James Gore, a Flagler County Sheriff’s deputy who two weeks ago was disciplined in an unrelated matter, was suspended for three days without pay and charged with “unsatisfactory or incompetent performance” as a result of his investigation that led to the false arrest of an 18-year-old Bunnell resident late last month.
Dakota G. Ward was arrested on March 26 for failing to appear in court on a summons regarding an alleged battery that took place on Dec. 15. Ward was not involved in the battery. Rather, it allegedly involved Chad Cox, the victim, and De’Coda Ward. Gore responded to battery incident. De’Coda Ward was gone by then. Cox gave De’Coda’s name to the deputy, and wrote it down according to its proper spelling. The deputy instead entered the name “Dakota” Ward in a law enforcement database, and thus started ensnaring the wrong Ward in the system.
The suspension is the result of an internal affairs investigation the sheriff’s office released this evening–after improperly withholding the document, a public record, hours after it was requested so a press release casting a light more favorable to the sheriff on the incident could accompany the documents. It is not unusual for public agencies to release sensitive or discrediting documents Friday afternoon or evening, when the public is least attuned to the news cycle. (The Sheriff, who is attending his son’s wedding, has not had a good day: the Florida Ethics Commission this morning upheld a recommended stiff fine against him and a public censure and reprimand stemming from a protracted case dating back to 2013.)

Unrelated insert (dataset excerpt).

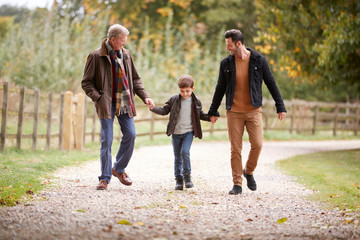 Fototapeta premium Grandfather With Son And Grandson On Autumn Walk In Countryside Together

The press release also stunningly and explicitly attacks Josh Davis, the attorney who represents Ward and his family, blaming Davis for refusing to “participate in this investigation after being asked on several occasions to provide testimony,” even though it is not unusual for attorneys, who are under strict ethical guidelines to protect attorney-client confidentiality, to decline to participate in such proceedings.
The release also states, as if Davis himself were under investigation: “Davis stated to the media that he made several contacts with the Sheriff’s Office and got no resolution for his client. That statement was not corroborated and Davis declined to speak with the internal investigator.” Yet the internal affairs investigation itself names a deputy to whom Davis had spoken of the false arrest on the 31st.

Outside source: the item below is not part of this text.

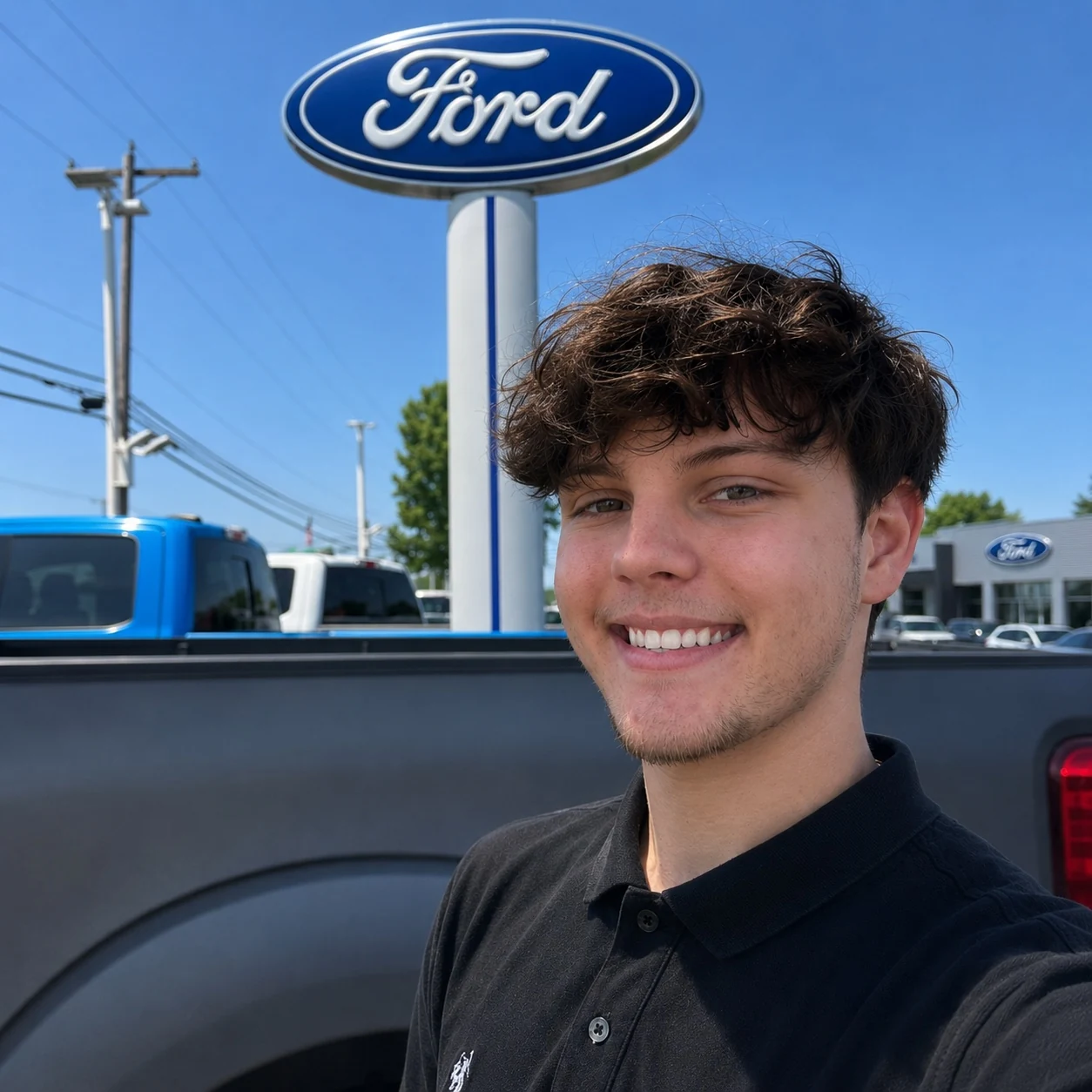 DJ Walton smiling at Freehold Ford with a Ford dealership sign behind him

“I have one responsibility and that’s to represent my client zealously,” Davis said in a brief interview this evening, after the sheriff’s office had issued the release. Referring to Kim Davis, who conducted the internal affairs investigation, Josh Davis said: “I talked to Cpl. Davis, we spoke, and that’s what I told her, that I wasn’t in a position right now, especially with the upcoming litigation to be speaking to her on any of those matters. My obligation is to my client and that’s what I’m charged with by the Bar. Whether they know how to do police work or not is up to them.”
Notice has already been sent that the sheriff’s office will be sued over the issue, Davis said. “That could have been interpreted to be against the best interest of my client,” he said of participating in the interview. “I err on the side of holding up my ethical obligation, so my ethical obligation is to Dakota Ward, period.”

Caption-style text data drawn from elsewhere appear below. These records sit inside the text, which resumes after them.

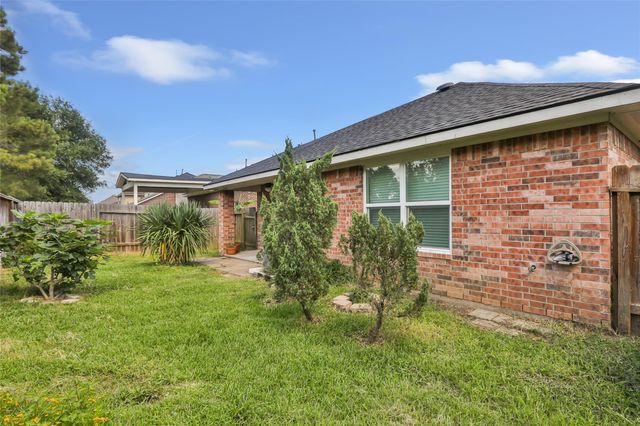 10331 Whisper Bluff Drive, Humble, TX 77396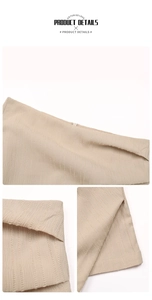 Close-up of beige textured culottes fabric showing vertical seersucker ribbing details
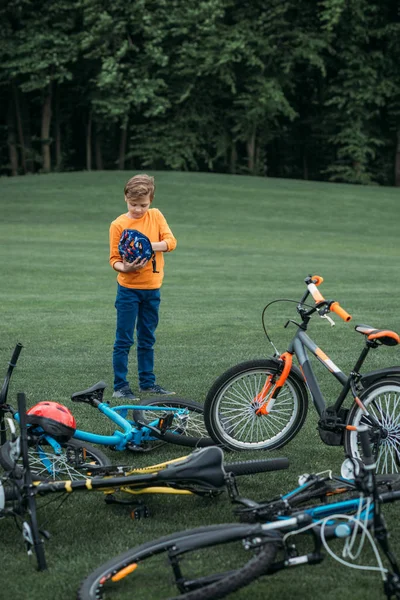 Niño niño de pie cerca de bicicletas en el parque - foto de stock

The investigation documents that the sheriff’s office did not know of the false arrest until Jonathan Simmons, the Palm Coast Observer reporter, contacted the sheriff’s office on March 31 to inquire about the mistaken identity, having himself been contacted by Josh Davis at the end of March. (Davis contacted several local media outlets, including FlaglerLive). By then, Davis had already carried out what he wryly referred to as 10 minutes’ worth of investigative work to clear up Ward, by getting the individual whom Ward was accused of battering to sign an affidavit swearing that Ward was the wrong man.
Dakota Ward had gone to school with De’Coda and had routinely been subjected to false disciplinary accusations and measures that his mother had to clear up time after time. This was the first time he had faced a criminal allegation because of the confusion.
Three and a half months elapsed between Gore’s report on the initial battery, when the seed of the false identity was planted, and the day he was contacted by the State Attorney’s office to alert him about the mistake. The internal affairs investigation reveals that Gore, who has been with the sheriff’s office since October 2011, claimed he had received an email from the State Attorney’s office on March 31 alerting him to the “a supplement and a different name for a case he said he was unfamiliar with,” the investigation report states. Gore responded “that he was out sick and that he would be back on Monday.” The 31st was a Thursday.
In fact, Gore had received the email from the State Attorney’s Dominic Piscitello two days earlier, on the 29th, telling him explicitly that “we are being told that, Dakota Ward, was not the person who was there. Instead, the person’s name is spelled Decotah Ward. Do you have information regarding this case? Do you recall being given a spelling for the name yet.” (Gore would tell an investigator that he did not recall reading that email.) On the 31st, Piscitello wrote again to request a supplemental report “if there is a different name.”
Meanwhile, Liz Williams, the Flagler Beach detective, starting on the 29th, was urging the State Attorney’s office for any information she could pass on to Ward, whose family she knew, regarding “what efforts are being made to clear this matter up.”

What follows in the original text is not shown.